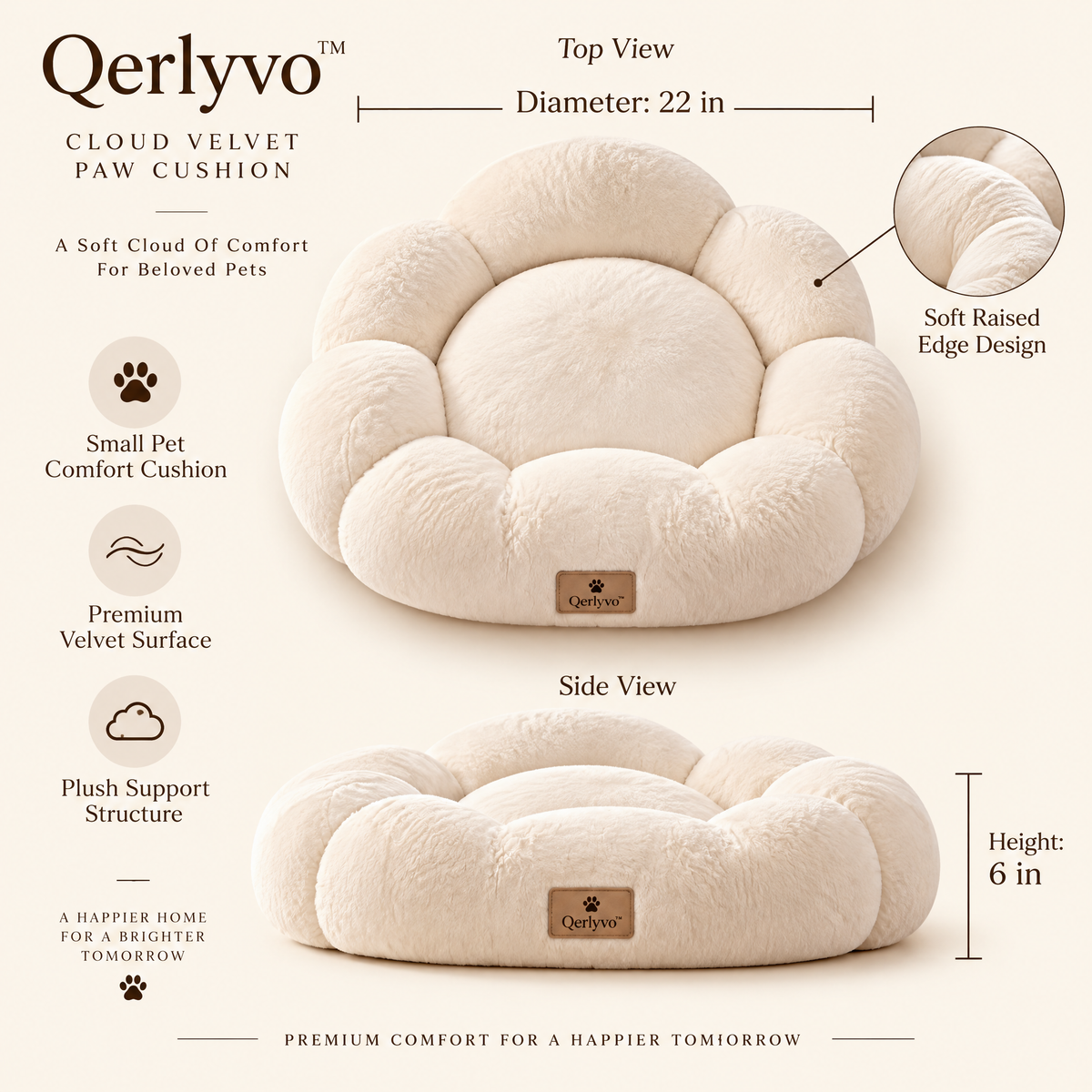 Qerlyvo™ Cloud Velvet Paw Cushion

──────

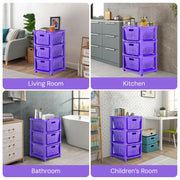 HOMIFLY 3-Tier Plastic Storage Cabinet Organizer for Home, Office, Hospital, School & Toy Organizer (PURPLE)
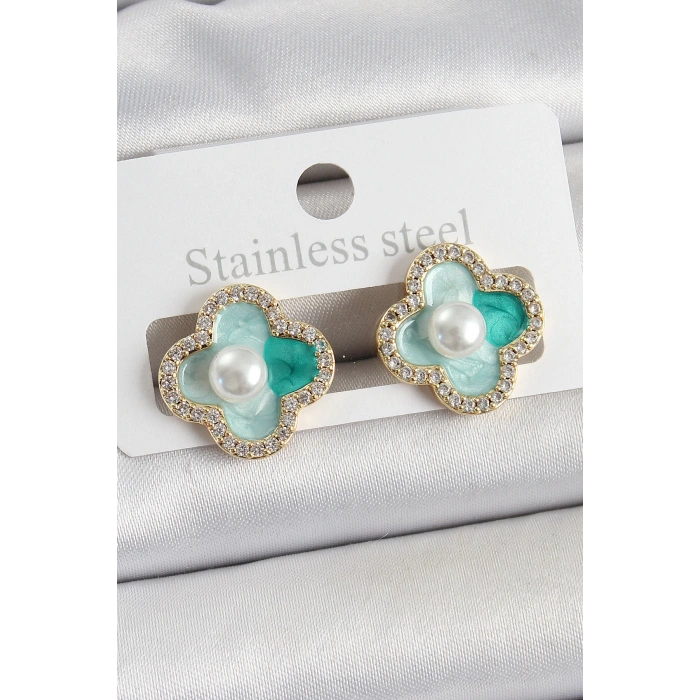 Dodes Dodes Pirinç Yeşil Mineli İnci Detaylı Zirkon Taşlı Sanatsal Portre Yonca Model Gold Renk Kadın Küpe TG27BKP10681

──────

* [PROBLEM STATEMENT]: Look above for the line with "HOMIFLY 3-Tier Plastic" and the line with "Dodes Dodes Pirinç", then restate exactly those two lines and all lines between them, with no pictures.

* [TASK SOLUTION]:
 HOMIFLY 3-Tier Plastic Storage Cabinet Organizer for Home, Office, Hospital, School & Toy Organizer (PURPLE)
 Dodes Dodes Pirinç Yeşil Mineli İnci Detaylı Zirkon Taşlı Sanatsal Portre Yonca Model Gold Renk Kadın Küpe TG27BKP10681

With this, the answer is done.